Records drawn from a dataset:
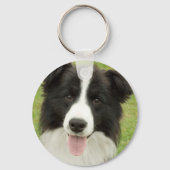 Border Collie Sleutelhanger (Voorkant)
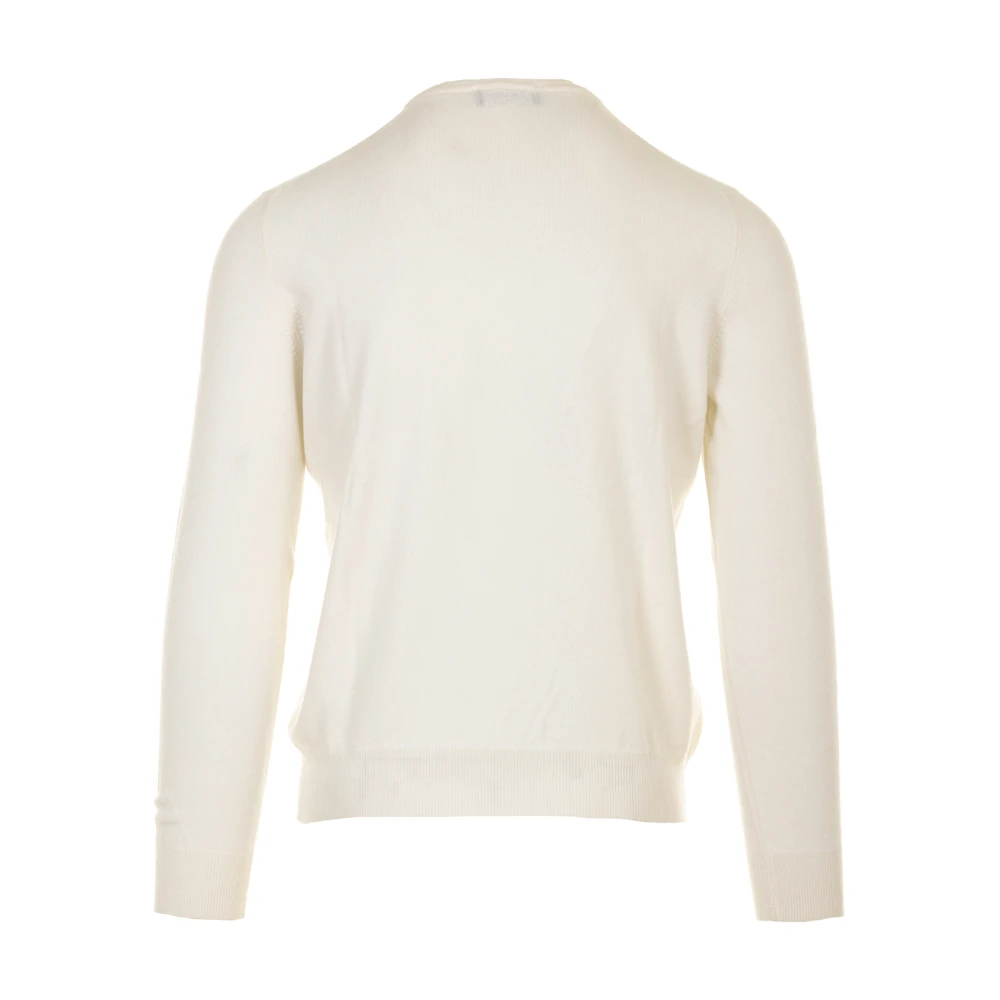 Gran Sasso Witte Sweater Paricollo White Heren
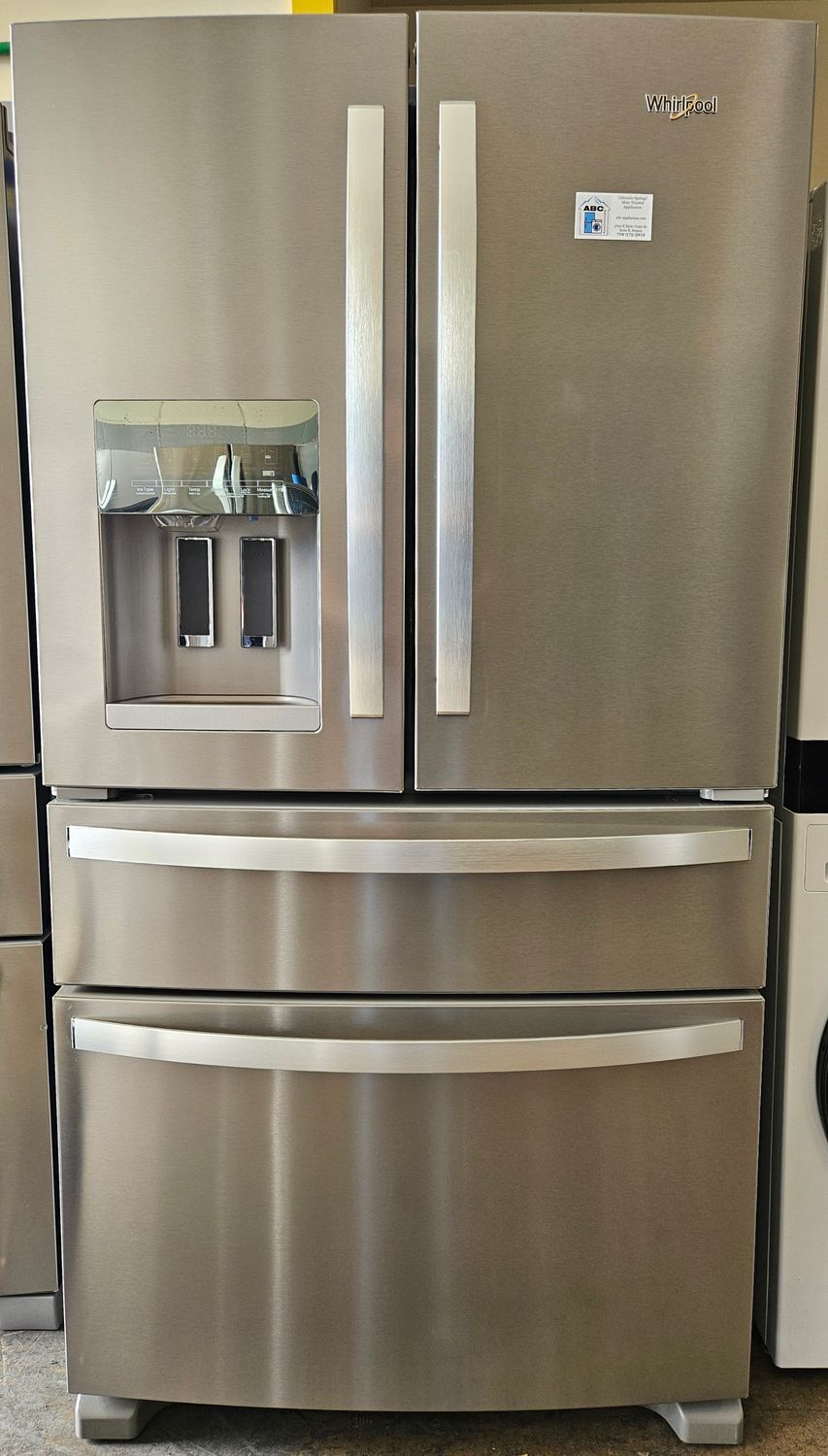 NEW! 24.5 cu.ft. Whirlpool 4-Door French Door Refrigerator in Stainless Steel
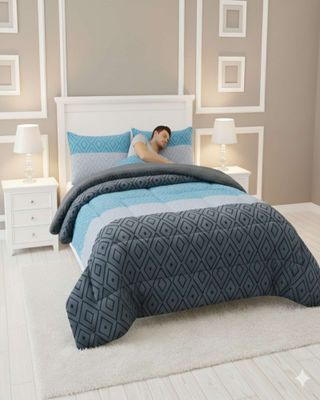 Imagen 2 del producto Cubrecama de invierno Plush y Chiporro - color azul King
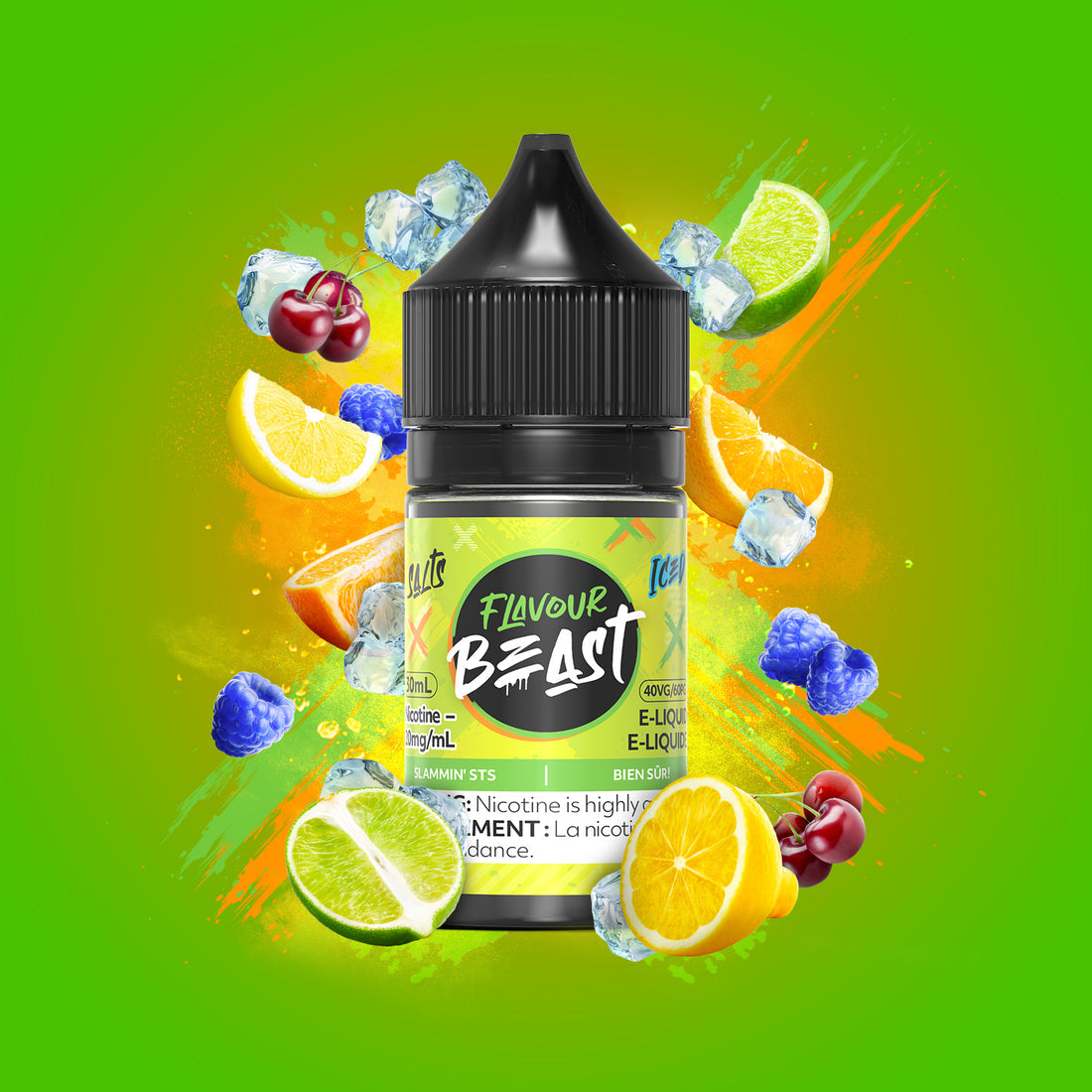 Flavour Beast E-Liquid Slammin' STS  Iced 10mg - 30ml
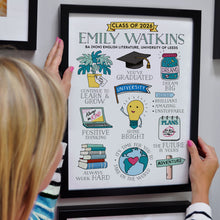 Load image into Gallery viewer, Personalised Graduation Print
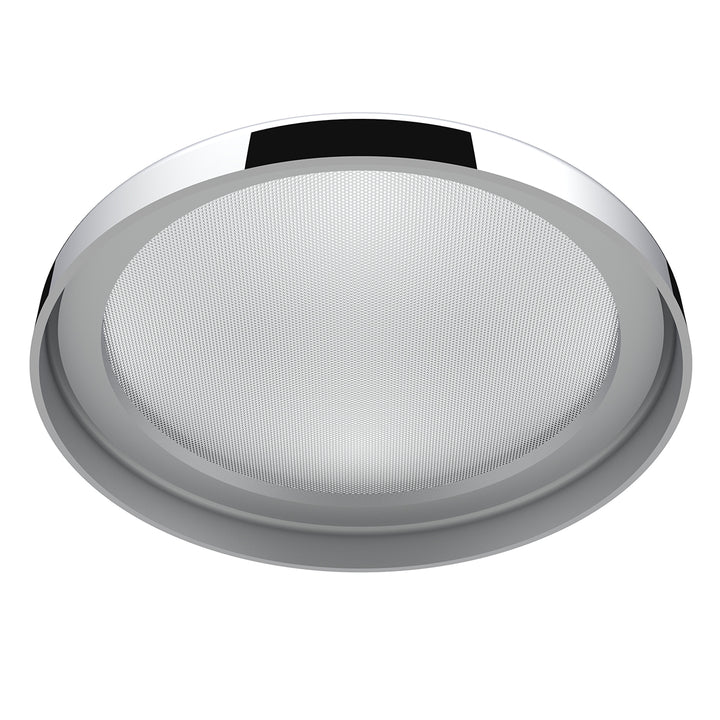 Chrome 7 - ¼" Round Speaker Cover For Peterbilt 389 (2008+), 388 (2008-2014), 379/378/335/330 (1995-2000), Snap-On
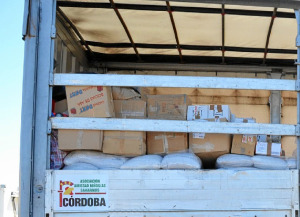 Alimentos para los refugiados en Tinduf. 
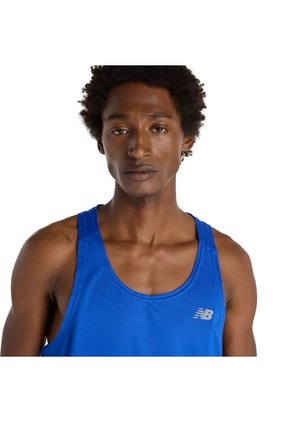 Camisa Deportiva New Balance Original Essentials Azul Hombre
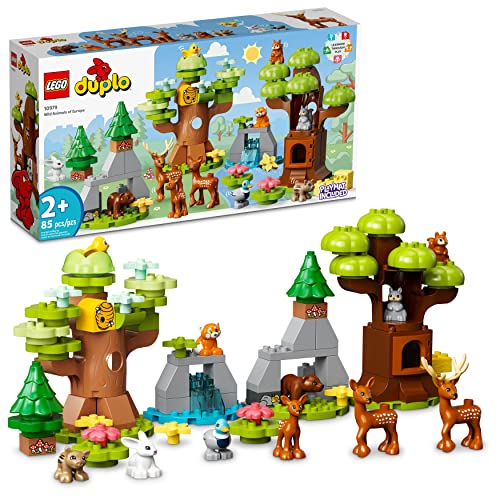 レゴ LEGO DUPLO Wild Animals of Europe 10979, Preschool Learning Toys for Toddlers 2 Plus Years Old with Deer, Bear, Fox Forest Animal Figuresレゴ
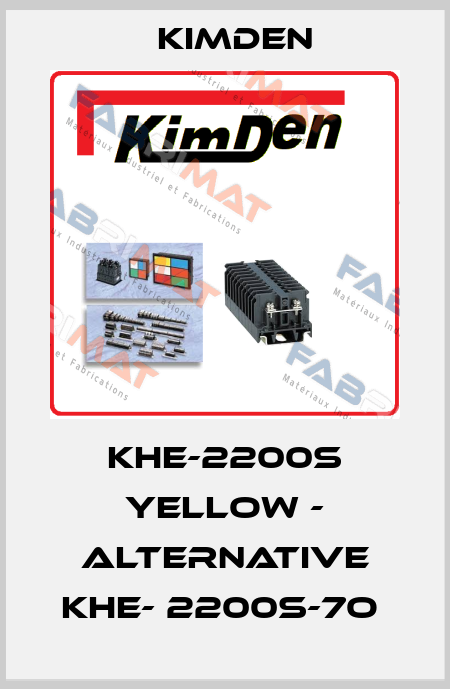KHE-2200S Yellow - alternative KHE- 2200S-7O  Kimden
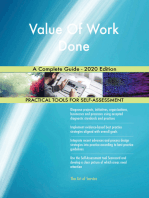 Value Of Work Done A Complete Guide - 2020 Edition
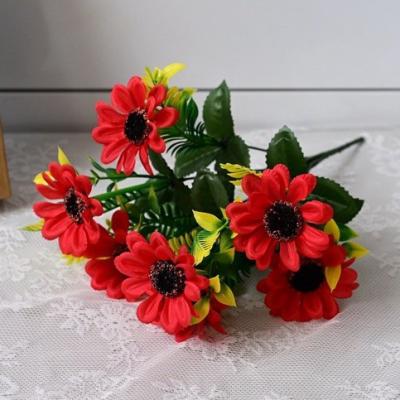 China Durable Artificial Flowers Long-Lasting And Beautiful Daisy Plastic Flowers With Different Colors for sale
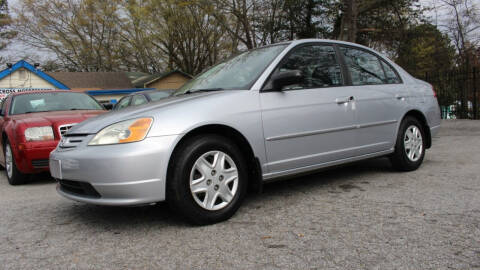 2003 Honda Civic for sale at NORCROSS MOTORSPORTS in Norcross GA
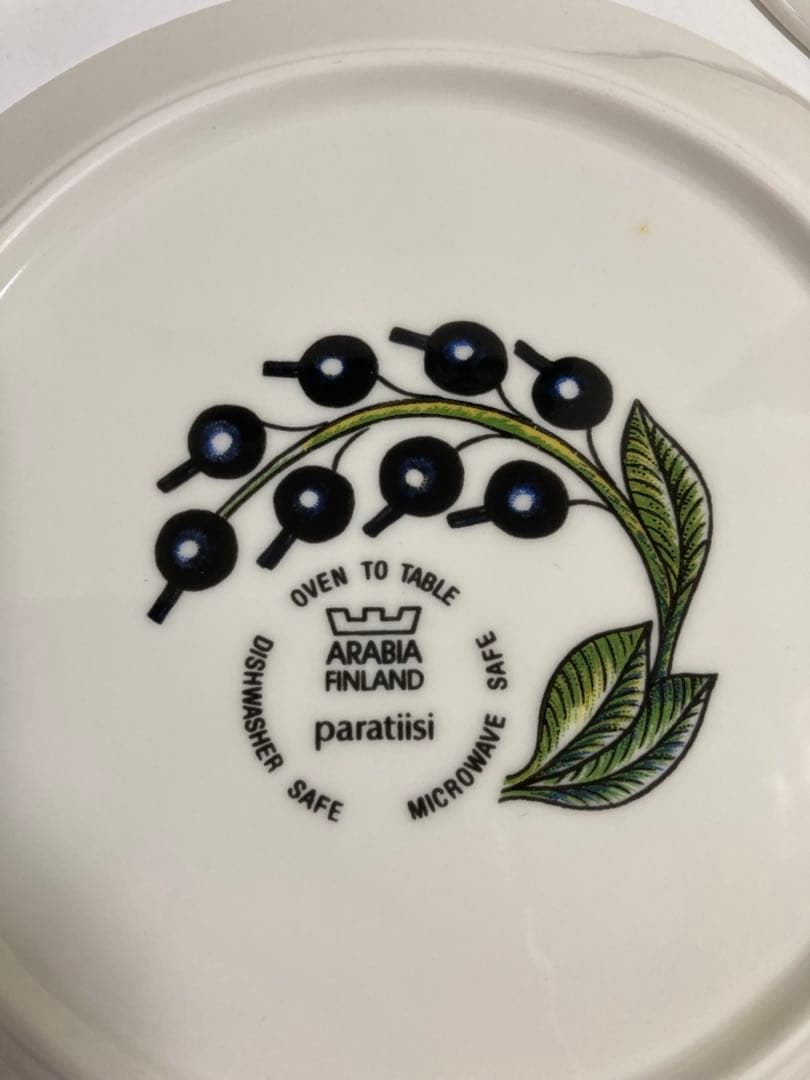 新品未使用　旧ロゴ　カラーロゴ ARABIA パラティッシ　プレート　21㎝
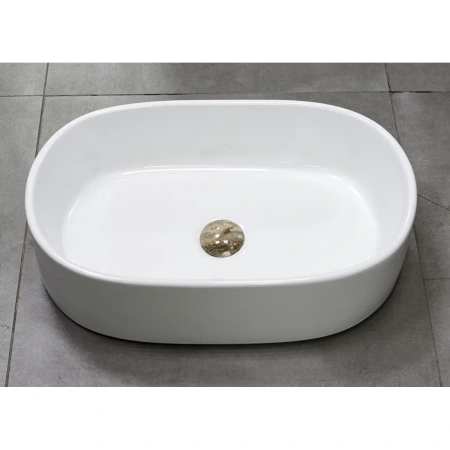 Раковина-чаша CeramaLux 9025-1 56x35 см, накладная, белый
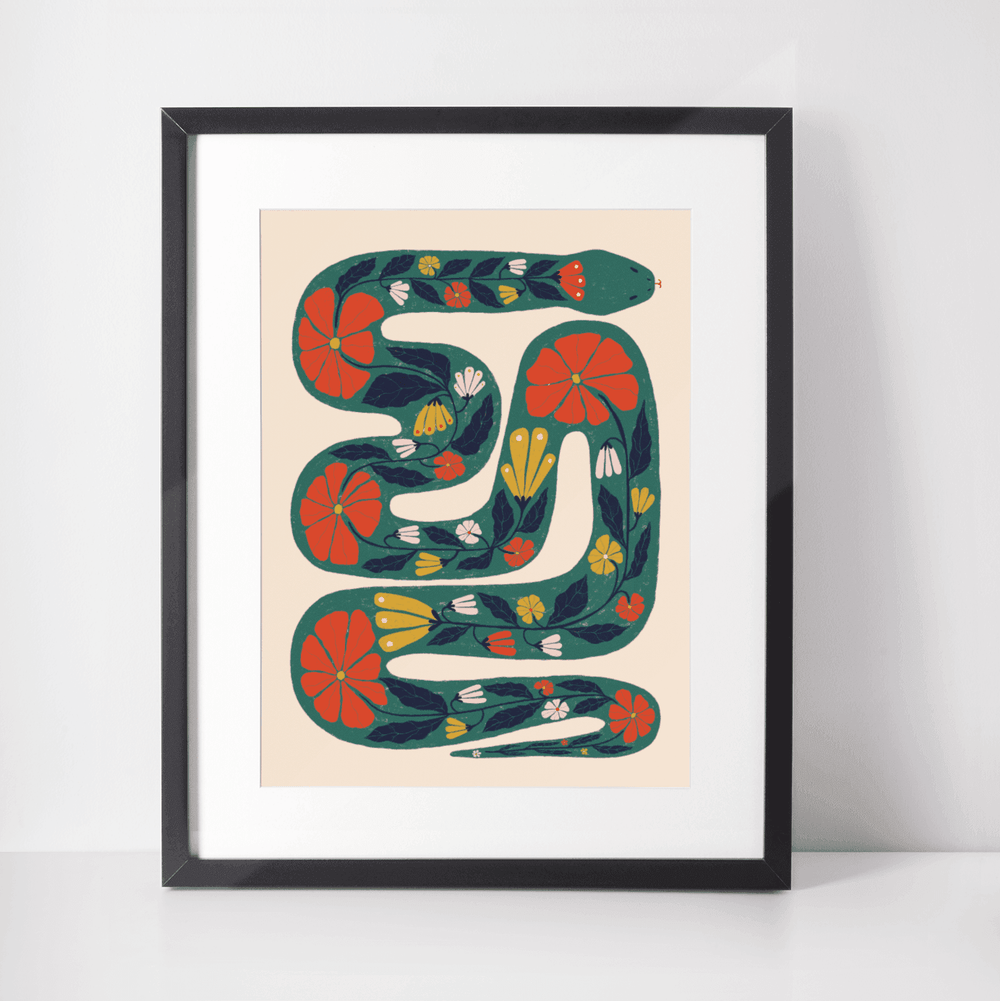 Desert Snake Art Print - High West Wild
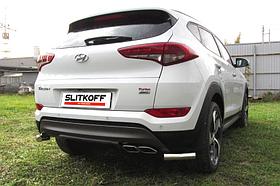 Уголки d57 Hyundai Tucson 4WD (2015)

What to work on: Images are to be left out when the records above are written out again exactly.

Answer to this task:
 Border Collie Sleutelhanger (Voorkant)
 Gran Sasso Witte Sweater Paricollo White Heren
 NEW! 24.5 cu.ft. Whirlpool 4-Door French Door Refrigerator in Stainless Steel
 Imagen 2 del producto Cubrecama de invierno Plush y Chiporro - color azul King
 Flavour Beast E-Liquid Slammin' STS  Iced 10mg - 30ml
 Load image into Gallery viewer, Personalised Graduation Print
 Chrome 7 - ¼" Round Speaker Cover For Peterbilt 389 (2008+), 388 (2008-2014), 379/378/335/330 (1995-2000), Snap-On
 Alimentos para los refugiados en Tinduf. 
 Camisa Deportiva New Balance Original Essentials Azul Hombre
 レゴ LEGO DUPLO Wild Animals of Europe 10979, Preschool Learning Toys for Toddlers 2 Plus Years Old with Deer, Bear, Fox Forest Animal Figuresレゴ
KHE-2200S Yellow - alternative KHE- 2200S-7O  Kimden
 Value Of Work Done A Complete Guide - 2020 Edition
 China Durable Artificial Flowers Long-Lasting And Beautiful Daisy Plastic Flowers With Different Colors for sale
 2003 Honda Civic for sale at NORCROSS MOTORSPORTS in Norcross GA
 新品未使用　旧ロゴ　カラーロゴ ARABIA パラティッシ　プレート　21㎝
 Раковина-чаша CeramaLux 9025-1 56x35 см, накладная, белый
 Desert Snake Art Print - High West Wild
 Уголки d57 Hyundai Tucson 4WD (2015)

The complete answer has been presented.